▶ _Material provided_
=== Section Start ===
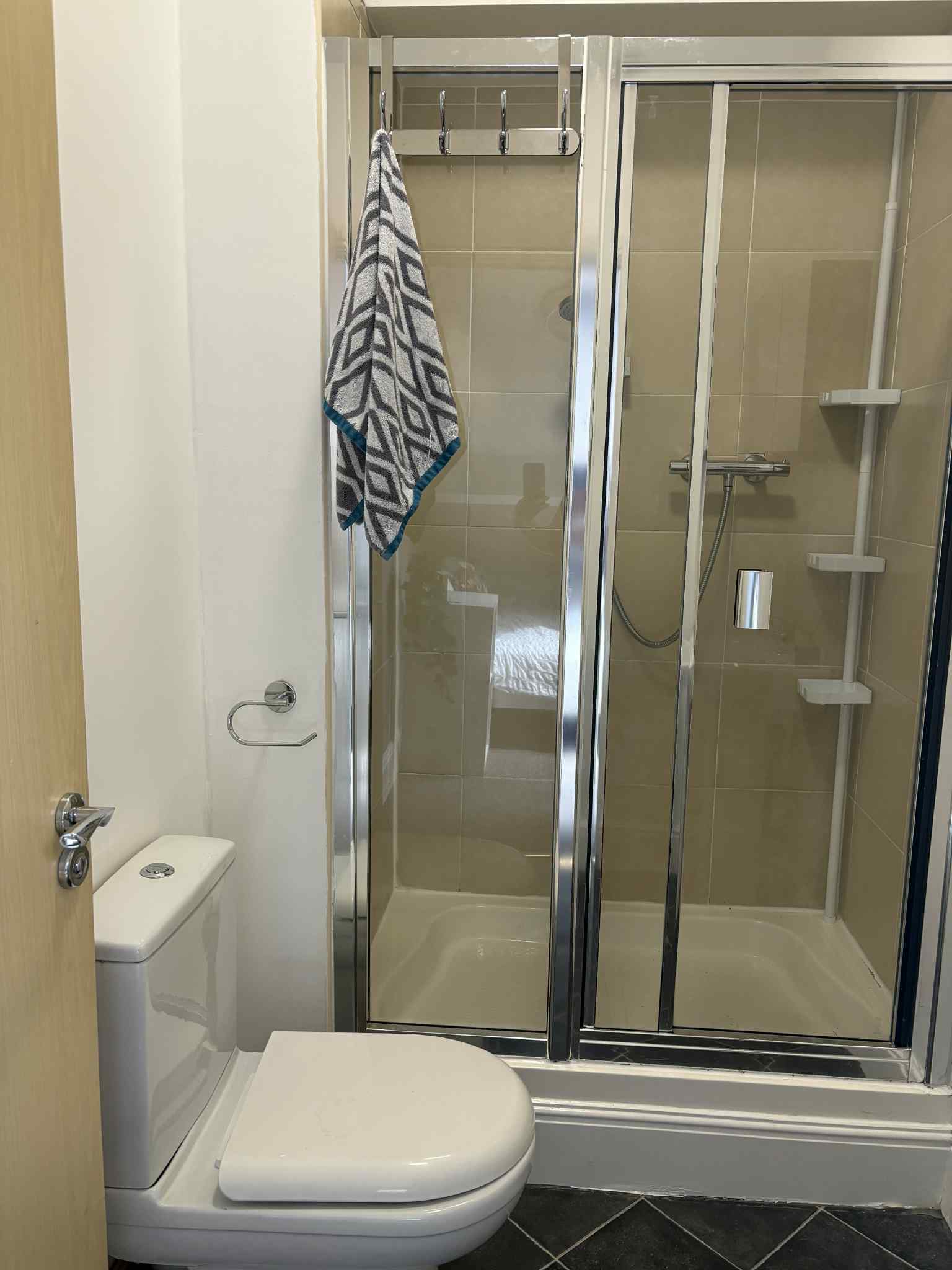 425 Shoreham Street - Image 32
=== Section End ===
=== Section Start ===
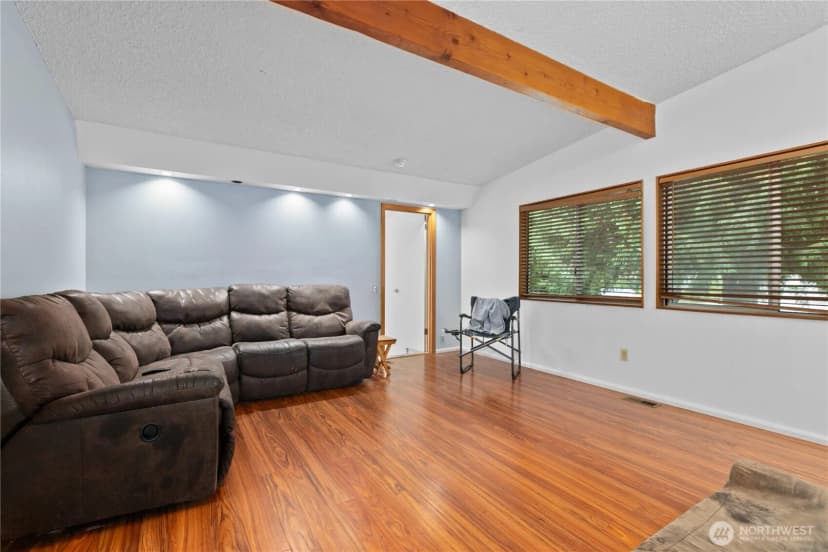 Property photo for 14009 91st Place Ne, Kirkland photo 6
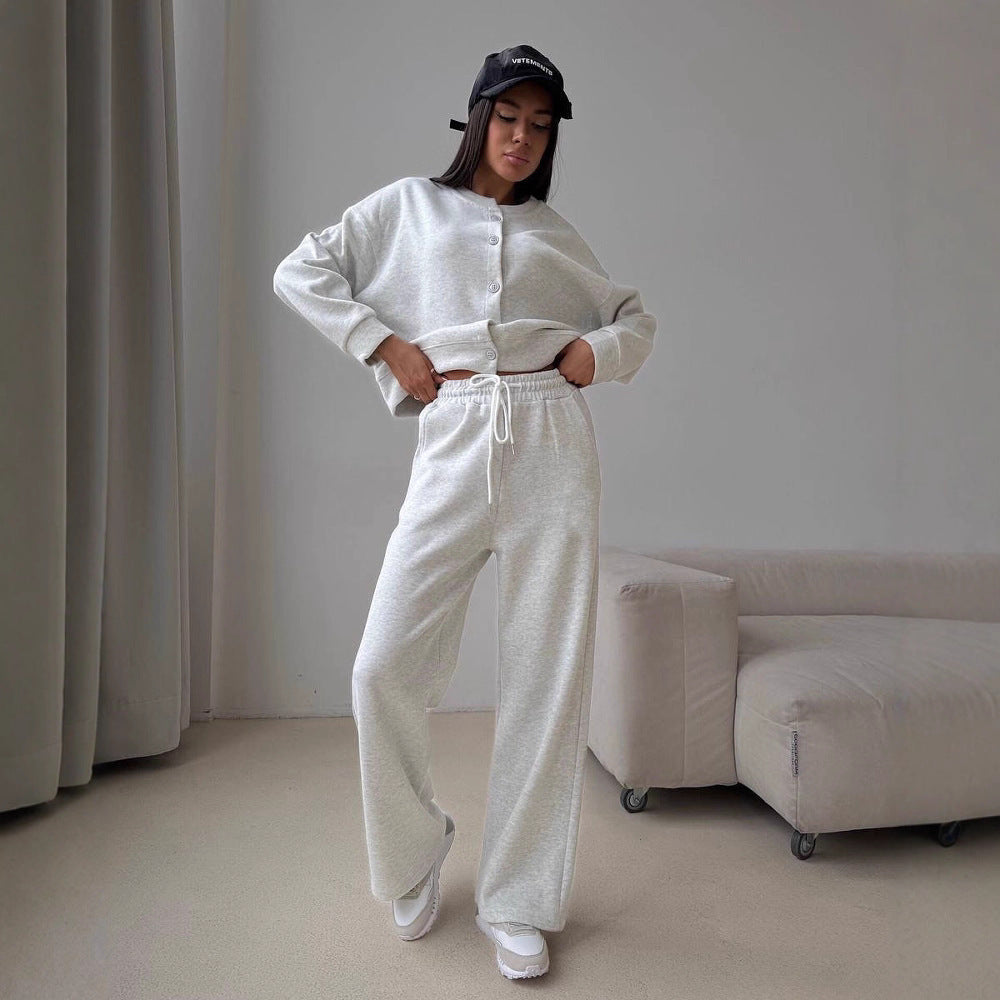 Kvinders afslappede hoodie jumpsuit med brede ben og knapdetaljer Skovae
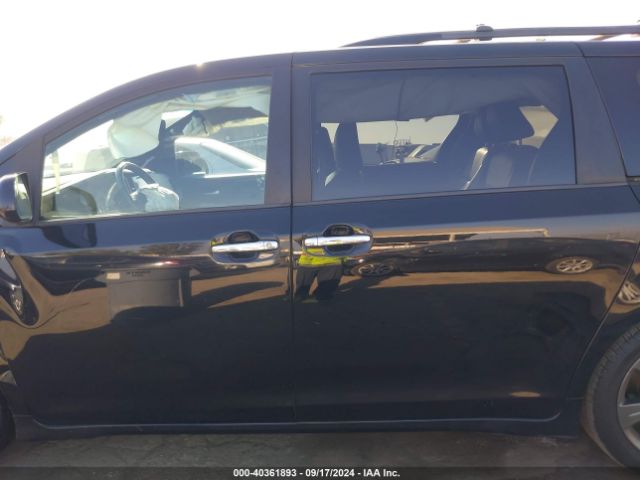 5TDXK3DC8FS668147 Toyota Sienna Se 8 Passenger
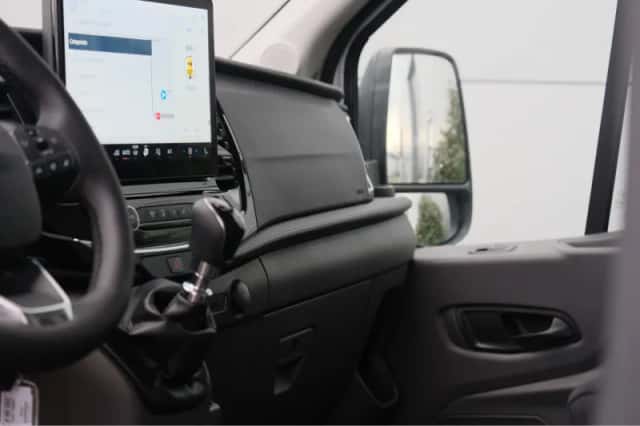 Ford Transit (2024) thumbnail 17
=== Section End ===
▶ _Task description_
Above are some entries. Restate word for word the lines from the one holding "Property photo for" through the one holding "Ford Transit (2024) thumbnail 17", but not the pictures.

▶ _Answer space_
 Property photo for 14009 91st Place Ne, Kirkland photo 6
 Kvinders afslappede hoodie jumpsuit med brede ben og knapdetaljer Skovae
 5TDXK3DC8FS668147 Toyota Sienna Se 8 Passenger
 Ford Transit (2024) thumbnail 17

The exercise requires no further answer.